My knees are purple. It's been a hard week. Remember how I said the MTC is like church Disneyland? Well its definitely been a roller-coaster this week.
Wednesday I got a new companion. We found out about her the night before she got here and the Branch President gave us her picture and said "So who is her companion? You have 40 minutes to let me know" and he walked out of the room. We were all super nervous, but I knew that we needed to be companions. Hermana Clausen is amazing. She has already helped me with my Spanish so much! I was scared because we had finally figured out the trio companionship and we didn't want to have to adjust. BUT I didn't have anything to worry about. We adjusted quickly and on her first whole day here we taught 4 investigators. Talk about throwing her straight into it. It was a little stressful. Yesterday Hermana Tracy went home. She has been so sick and not been able to eat and keep anything down. I miss her so much, but I know that she needs to get better so that she can serve the Lord with her all. I pray she gets better soon.
Less than two days being in a companionship with Hermana Clausen and we are back in a trio with Hermana Swapp. Yet another adjustment. We've all been super emotional the last few days, but the Temple this morning was amazing and I know we are all where we need to be.
Being in three different companionships in a week has taught me about the worth of a soul. We are all different and each companionship will be different out on my mission. Every person is worth so much to our Heavenly Father. I've learned the worth of my soul here at the MTC. It's personal, but I feel like I need to share it. Two weeks before my mission I was shopping for clothes. It was really hard to find clothes that fit me modestly and weren't a fortune. I remember standing in a dressing room with a three sided mirror in my work clothes. I had just tried on so many clothes and nothing had worked. I started crying. I was frustrated and I felt so ugly. I didn't think it was worth it to keep trying. I was tired. I struggled every day before I got to the MTC. The first Sunday I was here was Easter. We had been running around all day. I walked by a mirror and I smiled. My hair was crazy, my make-up worn off and I was exhausted. I smiled because I am beautiful. I am worth so much to my Father in Heaven and I have so many people who love me. The Spirit is so strong here. You can not deny it. "Remember the worth of souls is great in the sight of God"(D&C 18:10). One of my teachers told me that we can not know the worth of souls without first knowing our own.

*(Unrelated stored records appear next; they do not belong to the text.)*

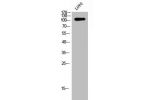 Western Blot analysis of LOVO cells using Glucosidase IIa Polyclonal Antibody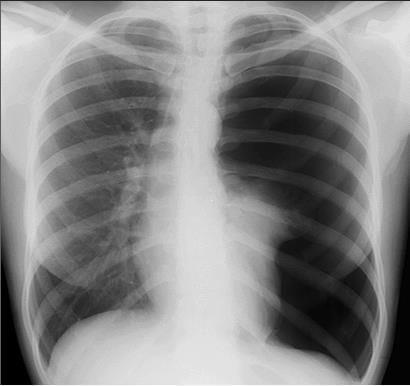 Chest X-ray after diving-related collapse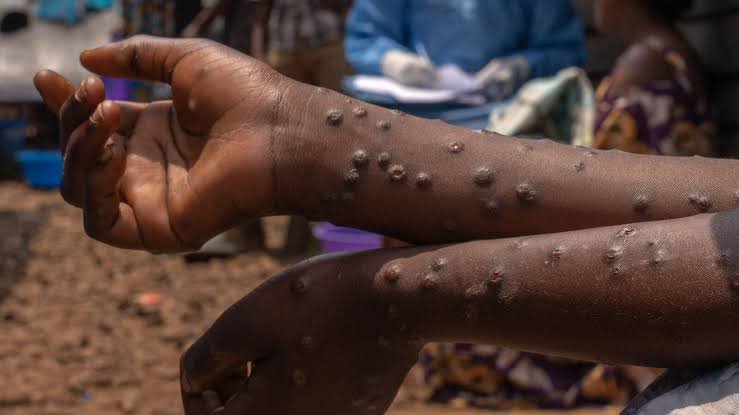 Mpox, maladie qui attaque la peau
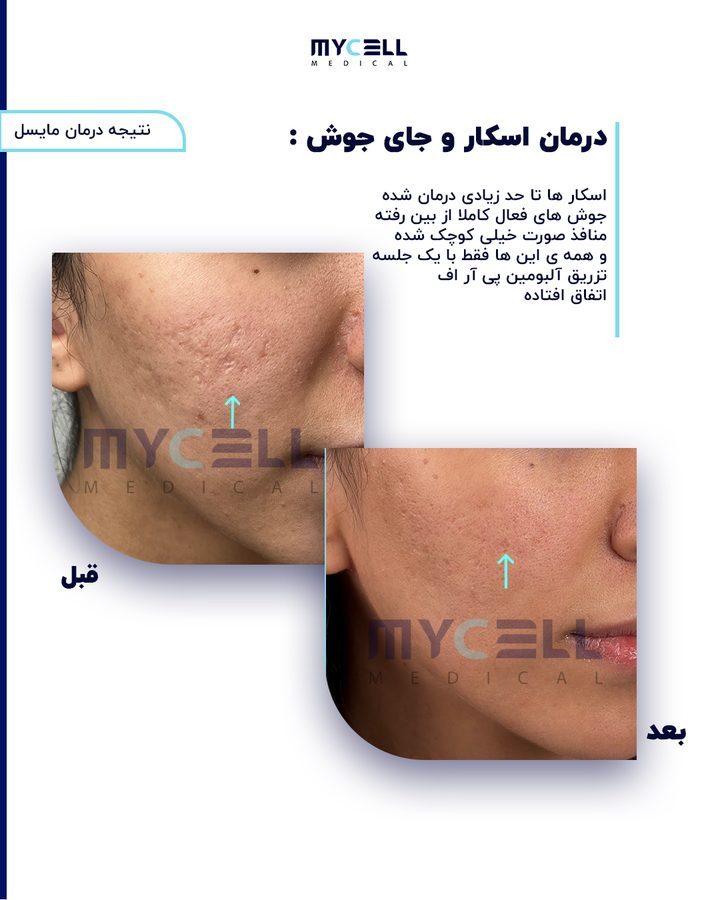 نمونه درمان اسکار در مایسل 8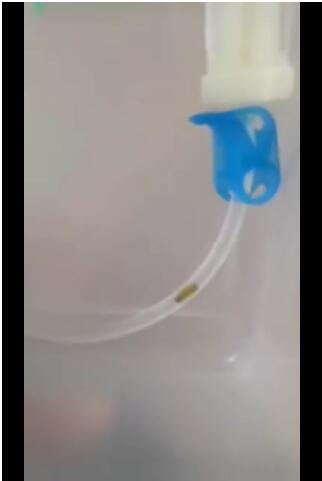 令人细思极恐!幼儿输液时疑有虫 医院向患儿家属致歉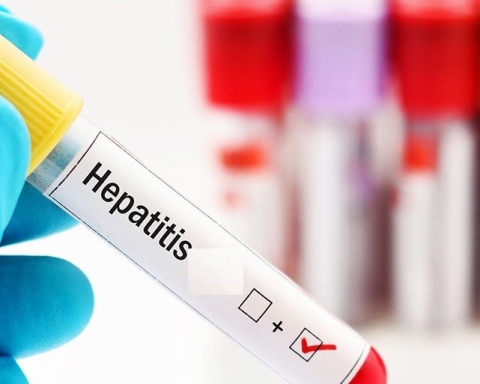 hepatitis akut
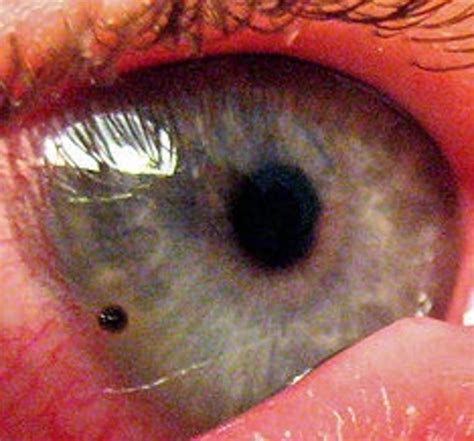 Emergency Eye Injury Treatment Hubpages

In one of my prayers at the beginning of the week I prayed to be able to see God's hand in my life. I know he is helping constantly, but I wanted to be able to learn to recognize and appreciate his help. This week was the hardest one yet, but I saw his power in my life more than I have before.
God is almighty. He has power enough to move mountains, power enough to create a world for his children. He has power enough to give us strength and to bless our families. God has the power to calm the anxious and comfort the lost. His power is limitless, but there is one thing he will not use his power for. He gave us our agency and he will not take it away. We have to choose to open our hearts to him and if we do, he can truly show us his unconditional love. We have to give him that power.
I know that he is using his power to help me. As he helps me prepare in the MTC, I know that he is also preparing the people that I will meet in Oregon. They are being prepared to hear the truth.
I have seen Gods power in my life and in my companions' lives. I see it everyday. Pray to see God in your life and you will be witness to miracles. I know this to be true.